Pater Chevrier is op 4 oktober 1986 in Lyon, op het feest van Sint Franciscus van Assisi, zaligverklaard. «Hij is, zo zei Paus Johannes Paulus II, een onvergelijkelijke gids voor de priesters. Maar ook alle christelijke leken zullen in hem een groot licht vinden want hij laat iedere gedoopte zien hoe hij het evangelie moet verkondigen aan de armen en hoe we ervoor kunnen zorgen dat Jezus Christus weer aanwezig is door onze eigen manier van leven. De godsdienstige context is niet meer als die in de tijd van Pater Chevrier. De onze is gekenmerkt door twijfel, ongeloof, atheïsme en een maximaal opgeëiste vrijheid. De godsdienstige onwetendheid is onthutsend. De armen zijn degenen die het zonder God moeten stellen... die lijden onder de werkloosheid en het gebrek aan werkgelegenheid. Het zijn niet alleen meer de arbeiders die worden getroffen, maar ook heel andere milieus, zieken, gehandicapten, gevangenen.
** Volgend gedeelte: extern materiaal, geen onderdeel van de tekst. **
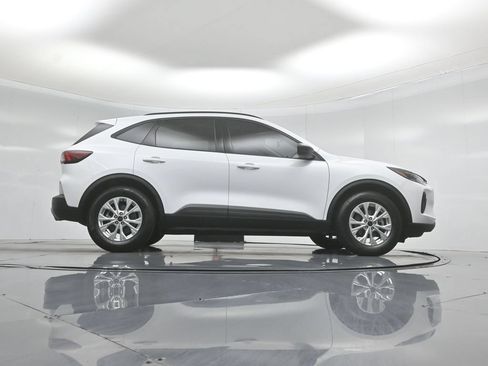 Certified 2025 Ford Escape Active w/ Tech Pack #1 FWD image 48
De woorden van Jezus spreken voor zich: Ik was ziek, Ik was in de gevangenis en jullie zijn naar me toe gekomen.»
Gelukzalige Antoine Chevrier, leer ons leven in de geest van de Zaligsprekingen, en open onze ogen voor alle vormen van armoede in onze wereld opdat wij haar het beste mogen geven wat wij hebben: de vreugde God en de naaste lief te hebben!